THE PROBLEM: Find the word "Blue" in the data. Return every line where it appears.

DATA FOR REVIEW:
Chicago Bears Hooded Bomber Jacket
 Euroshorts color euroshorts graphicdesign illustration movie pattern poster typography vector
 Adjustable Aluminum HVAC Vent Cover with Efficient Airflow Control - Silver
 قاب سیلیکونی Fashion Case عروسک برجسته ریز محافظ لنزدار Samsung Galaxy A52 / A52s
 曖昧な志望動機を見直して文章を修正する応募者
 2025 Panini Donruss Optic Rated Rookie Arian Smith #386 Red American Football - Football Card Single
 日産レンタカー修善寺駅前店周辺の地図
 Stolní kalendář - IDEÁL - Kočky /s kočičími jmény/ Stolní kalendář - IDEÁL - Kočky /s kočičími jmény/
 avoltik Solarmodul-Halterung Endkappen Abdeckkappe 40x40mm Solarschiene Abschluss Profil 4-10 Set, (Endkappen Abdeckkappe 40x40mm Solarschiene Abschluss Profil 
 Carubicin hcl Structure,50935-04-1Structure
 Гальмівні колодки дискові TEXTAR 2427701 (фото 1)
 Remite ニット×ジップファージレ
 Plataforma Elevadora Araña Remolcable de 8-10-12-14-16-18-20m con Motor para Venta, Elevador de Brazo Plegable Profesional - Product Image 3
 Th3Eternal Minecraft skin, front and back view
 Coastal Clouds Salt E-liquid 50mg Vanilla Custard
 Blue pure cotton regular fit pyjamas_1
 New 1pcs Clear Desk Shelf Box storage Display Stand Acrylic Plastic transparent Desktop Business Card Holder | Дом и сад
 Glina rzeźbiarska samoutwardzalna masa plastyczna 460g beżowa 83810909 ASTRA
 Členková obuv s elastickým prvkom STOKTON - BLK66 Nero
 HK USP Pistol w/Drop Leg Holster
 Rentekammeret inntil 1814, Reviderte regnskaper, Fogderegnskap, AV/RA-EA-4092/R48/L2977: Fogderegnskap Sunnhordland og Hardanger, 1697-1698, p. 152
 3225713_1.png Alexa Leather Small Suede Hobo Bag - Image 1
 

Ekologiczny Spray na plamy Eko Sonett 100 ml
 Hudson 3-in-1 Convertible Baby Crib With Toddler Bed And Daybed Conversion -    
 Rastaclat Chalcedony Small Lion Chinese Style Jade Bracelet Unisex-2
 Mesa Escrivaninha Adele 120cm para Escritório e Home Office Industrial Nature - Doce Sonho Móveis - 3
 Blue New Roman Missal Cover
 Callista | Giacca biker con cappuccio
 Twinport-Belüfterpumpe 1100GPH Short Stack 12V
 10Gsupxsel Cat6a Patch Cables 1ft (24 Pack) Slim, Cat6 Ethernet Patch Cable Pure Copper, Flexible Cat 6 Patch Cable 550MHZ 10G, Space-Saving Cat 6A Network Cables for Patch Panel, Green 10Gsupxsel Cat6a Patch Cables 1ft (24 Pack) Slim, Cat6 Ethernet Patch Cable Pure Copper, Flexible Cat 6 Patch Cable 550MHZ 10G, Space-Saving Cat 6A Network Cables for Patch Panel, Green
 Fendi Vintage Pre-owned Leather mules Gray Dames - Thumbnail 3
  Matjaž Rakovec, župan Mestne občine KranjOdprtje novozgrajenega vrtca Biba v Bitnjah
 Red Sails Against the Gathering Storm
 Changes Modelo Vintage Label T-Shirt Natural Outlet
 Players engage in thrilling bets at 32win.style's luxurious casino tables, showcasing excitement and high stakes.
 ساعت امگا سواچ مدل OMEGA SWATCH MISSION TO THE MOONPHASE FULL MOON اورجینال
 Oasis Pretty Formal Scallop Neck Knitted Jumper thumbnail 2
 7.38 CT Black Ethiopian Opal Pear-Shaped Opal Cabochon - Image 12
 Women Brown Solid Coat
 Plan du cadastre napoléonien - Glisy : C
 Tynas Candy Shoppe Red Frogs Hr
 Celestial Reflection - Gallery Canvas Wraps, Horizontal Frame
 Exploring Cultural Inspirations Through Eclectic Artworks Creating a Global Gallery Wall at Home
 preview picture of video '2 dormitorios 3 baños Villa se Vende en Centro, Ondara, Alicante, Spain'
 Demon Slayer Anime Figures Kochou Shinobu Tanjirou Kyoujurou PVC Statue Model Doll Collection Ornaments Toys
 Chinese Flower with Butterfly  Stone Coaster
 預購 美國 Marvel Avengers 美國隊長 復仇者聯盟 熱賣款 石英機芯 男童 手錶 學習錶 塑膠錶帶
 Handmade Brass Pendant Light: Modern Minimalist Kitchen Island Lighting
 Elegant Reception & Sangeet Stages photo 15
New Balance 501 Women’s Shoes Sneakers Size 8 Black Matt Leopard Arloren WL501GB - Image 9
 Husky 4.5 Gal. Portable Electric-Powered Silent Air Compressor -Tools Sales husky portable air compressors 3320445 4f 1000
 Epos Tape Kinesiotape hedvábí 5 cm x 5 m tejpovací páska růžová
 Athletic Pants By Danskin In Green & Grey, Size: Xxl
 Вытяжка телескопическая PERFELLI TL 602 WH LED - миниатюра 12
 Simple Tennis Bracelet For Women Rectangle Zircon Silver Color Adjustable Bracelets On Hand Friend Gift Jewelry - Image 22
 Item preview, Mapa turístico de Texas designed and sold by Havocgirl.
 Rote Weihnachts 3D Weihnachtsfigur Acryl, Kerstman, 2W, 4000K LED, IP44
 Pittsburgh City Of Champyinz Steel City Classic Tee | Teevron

COMPLETED TASK:
 Blue pure cotton regular fit pyjamas_1
 Blue New Roman Missal Cover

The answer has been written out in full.